Fig. 3 ¹H NMR spectra of (A) Monomer S and (B–F) the polyesters.

The integration of the ¹H NMR signals provided valuable information regarding the chemical composition of the resulting polyesters. By comparing the integrals of the furan signals (c′ and d′) with that of the terephthalate aromatic signals (4), we calculated the S content (taking terephthalate as 100%) for each copolyester (Table 2). Compared with the monomer feed, the S content of the copolyester was lower in percentage (68–87% of the fed Monomer S). This may be attributed to a lower reactivity of the sterically hindered Monomer S compared with that of HD. Another explanation may be that the degradation of Monomer S (or incorporated S units in the polyesters) during the polymerization (Fig. S7†) could lower the observed S-content in the resulting polymers. The latter was consistent with the observation of HMF in the vacuum outlet of the reaction vessel (Fig. S8 and 9†).

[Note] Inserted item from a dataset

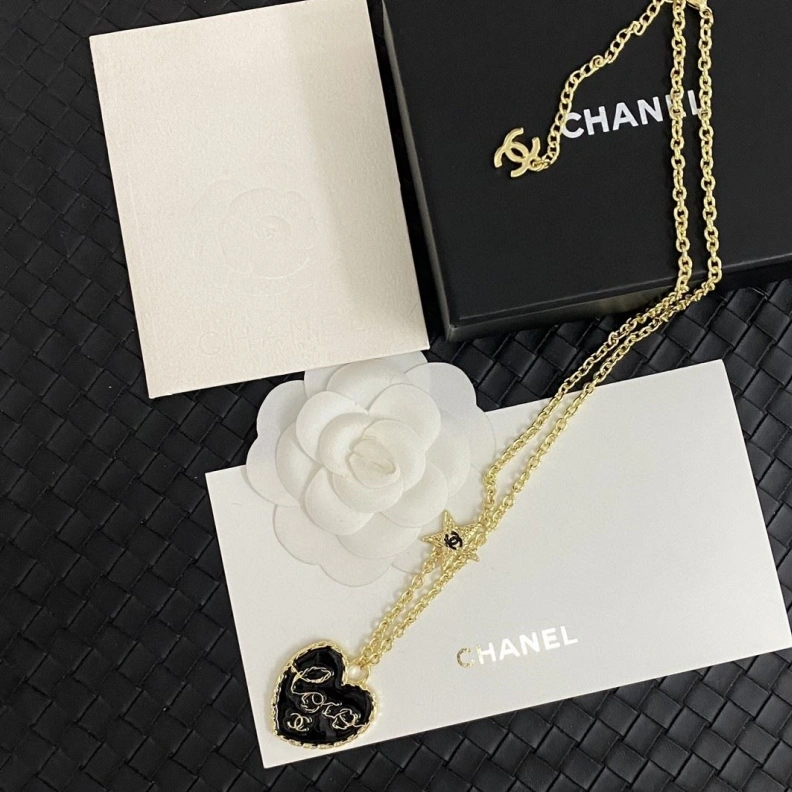 Resilient Chxnxl Necklaces 286849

The chemical structures of the polyesters were also confirmed by FTIR analyses (Fig. 4). All the polyesters’ spectra showed characteristic ester signals, including C=O stretching at 1714 cm⁻¹ and C–O stretching at 1269 cm⁻¹. The signal at 728 cm⁻¹ originated from the out of plane C–H bending.⁹⁰ The aromatic and aliphatic C–H stretching was also observed at 2800–3000 cm⁻¹,⁹¹ which was consistent with the presence of PHT residues in all polymers. Furthermore, the characteristic spiroacetal signals at 1201 and 1156 cm⁻¹ (shown in the spectrum of Monomer S) were also observed in the spectra of all polyesters with increasing intensity along with the increasing S content.^71,92 This confirmed the incorporation of the spiroacetal S residues in the copolyesters.

Fig. 4 FTIR-spectra of Monomer S and polyesters.

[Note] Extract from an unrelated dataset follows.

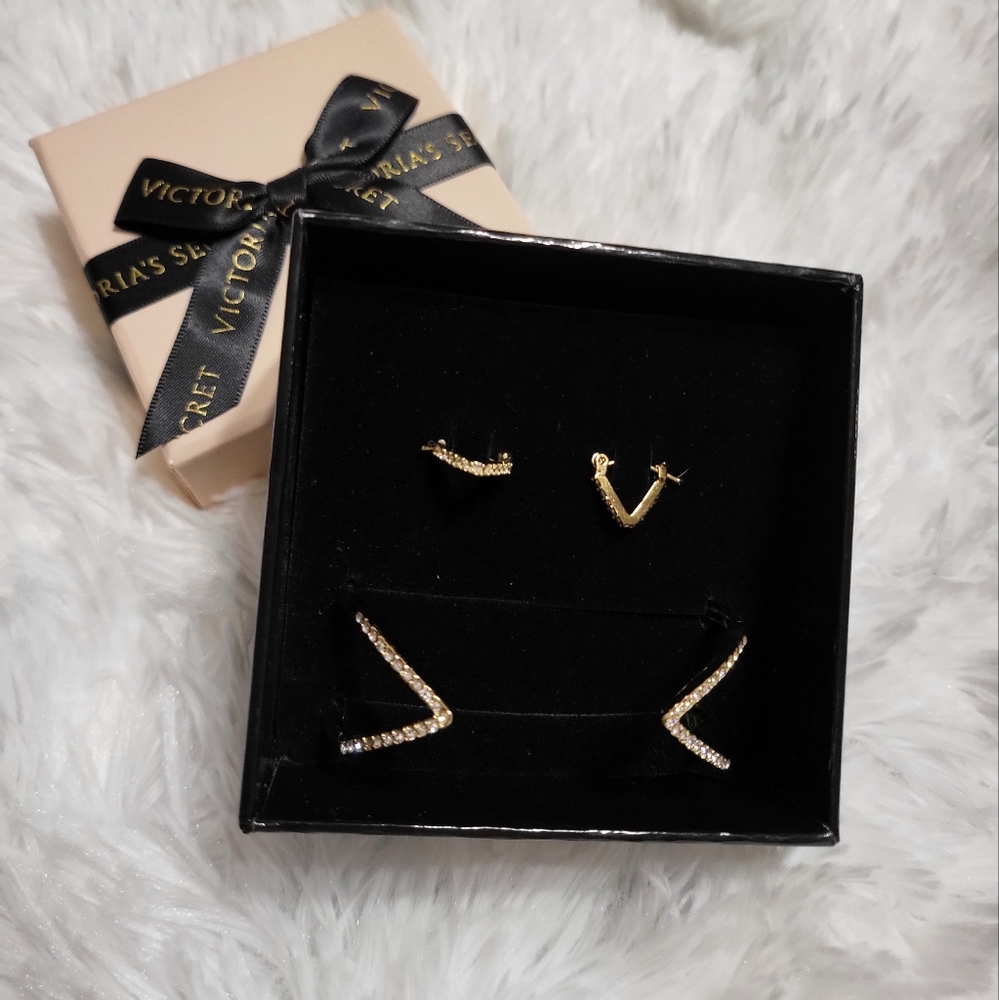 💕 NEW! Victoria's Secret Bracelet & Earrings Set $90 NWT!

The thermal stability of Monomer S and the different polyesters was evaluated by TGA (Fig. 5 and Table 3). For the homopolymer PHT, a single decomposition rate maximum was observed at 400 °C (T_d). All copolymers showed three decomposition rate maxima (T_d ∼320 °C, 400 °C, and 450 °C). The first decomposition rate maximum at ∼320 °C was attributed to the degradation of the spirocyclic acetal units in the PHST backbone, which was similar as the thermal decomposition profile of Monomer S (T_d ∼320 °C). The second decomposition rate maximum at ∼400 °C was attributed to the degradation of PHT units in the copolymers, presumably through a 6-membered cyclic β-hydrogen transfer mechanism.⁹³ The third decomposition rate maximum at 450 °C was more prominent for PHST samples with higher Monomer S content. This may be explained by the formation of degradation-induced crosslinking (Fig. S7†) during the TGA measurements. To further verify this explanation, a PHST-19 sample was purposely prepared by extending the reaction time to 4 days, which resulted in the formation of completely insoluble polymer gel (designated PHST-19gel). Comparing the TGA profile of this sample with that of the original PHST-19 (Fig. S27†), a much more pronounced decomposition rate maximum was observed for PHST-19gel at 450 °C. This supported that the decomposition rate maximum at 450 °C was due to crosslinking. Among the polyester series, the T₅ and T_d values showed a general decreasing trend as more Monomer S units were incorporated. The char yields (CY) increased with the Monomer S contents, which was consistent with the results for polyesters with rigid building blocks.⁵⁴

Fig. 5 (A) TGA thermograms and (B) first derivative curves of Monomer S and the polyesters.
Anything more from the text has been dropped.